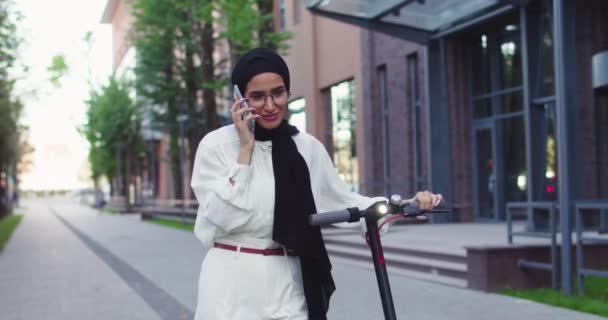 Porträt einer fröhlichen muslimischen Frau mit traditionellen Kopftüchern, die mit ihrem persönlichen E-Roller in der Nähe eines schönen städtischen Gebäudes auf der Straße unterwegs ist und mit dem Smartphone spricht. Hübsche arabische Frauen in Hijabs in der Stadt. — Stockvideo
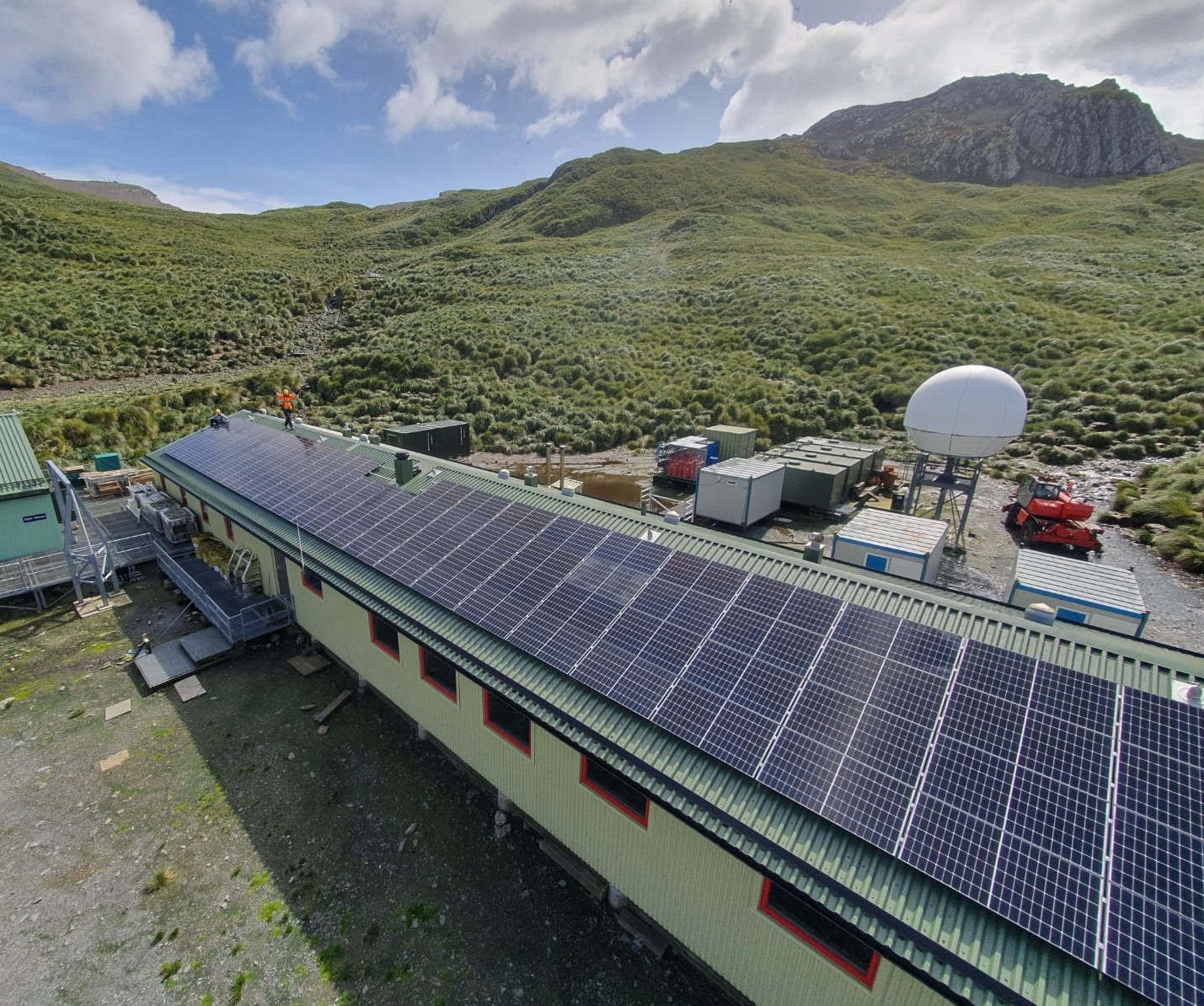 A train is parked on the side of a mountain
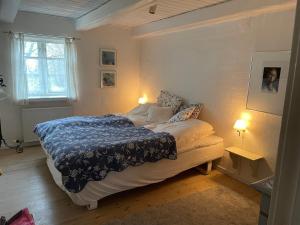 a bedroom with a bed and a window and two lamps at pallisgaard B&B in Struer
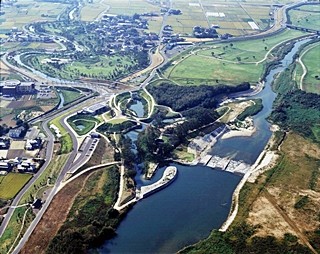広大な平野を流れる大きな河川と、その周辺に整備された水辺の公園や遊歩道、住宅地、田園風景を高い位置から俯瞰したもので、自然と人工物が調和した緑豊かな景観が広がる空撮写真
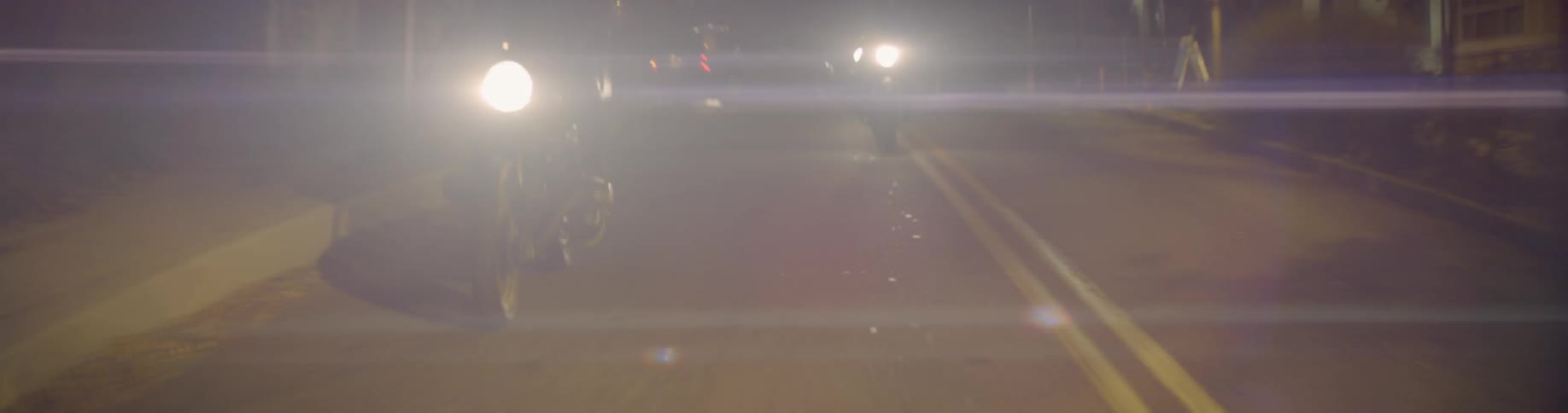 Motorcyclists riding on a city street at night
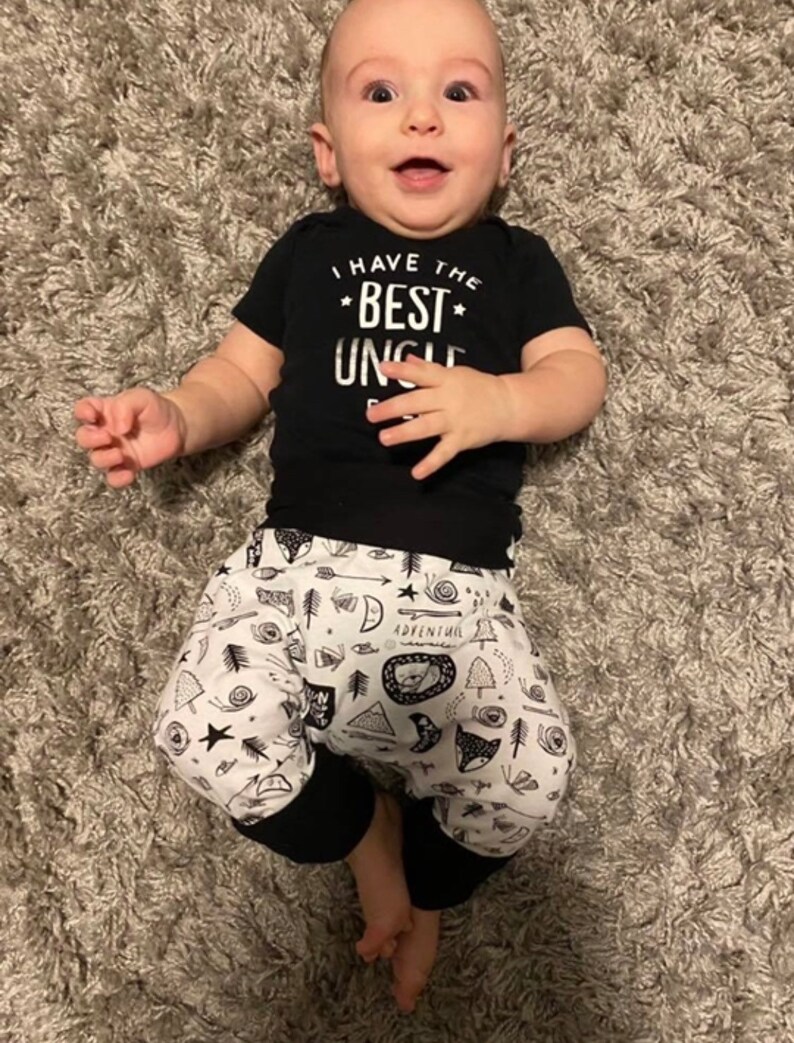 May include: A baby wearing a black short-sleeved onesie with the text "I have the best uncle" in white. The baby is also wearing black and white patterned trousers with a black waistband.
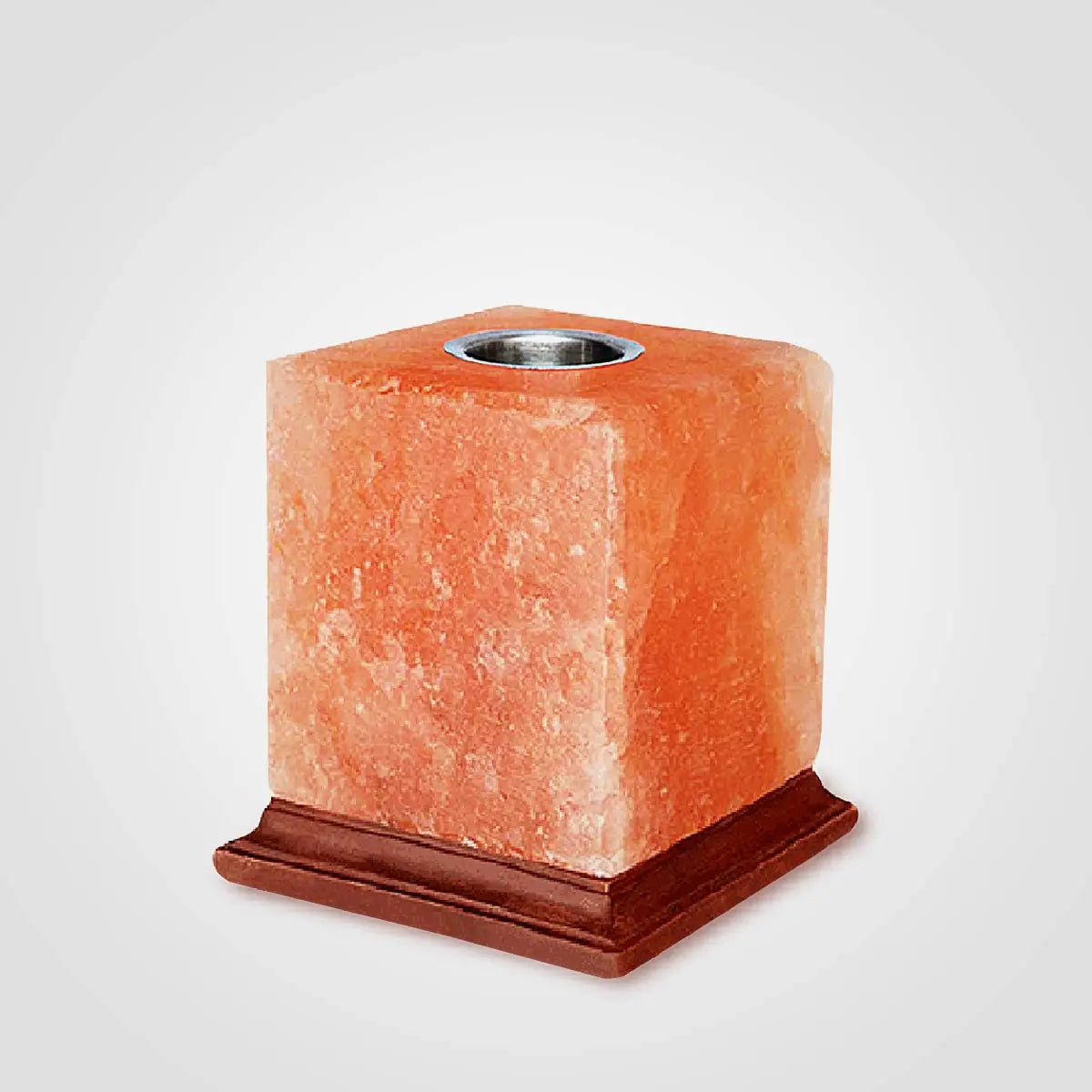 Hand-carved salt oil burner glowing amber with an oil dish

━━━━

WHAT TO PRODUCE:
Your copy should match every entry above exactly and contain no pictures.

SOLUTION:
 Porträt einer fröhlichen muslimischen Frau mit traditionellen Kopftüchern, die mit ihrem persönlichen E-Roller in der Nähe eines schönen städtischen Gebäudes auf der Straße unterwegs ist und mit dem Smartphone spricht. Hübsche arabische Frauen in Hijabs in der Stadt. — Stockvideo
 A train is parked on the side of a mountain
 a bedroom with a bed and a window and two lamps at pallisgaard B&B in Struer
広大な平野を流れる大きな河川と、その周辺に整備された水辺の公園や遊歩道、住宅地、田園風景を高い位置から俯瞰したもので、自然と人工物が調和した緑豊かな景観が広がる空撮写真
 Motorcyclists riding on a city street at night
 May include: A baby wearing a black short-sleeved onesie with the text "I have the best uncle" in white. The baby is also wearing black and white patterned trousers with a black waistband.
 Hand-carved salt oil burner glowing amber with an oil dish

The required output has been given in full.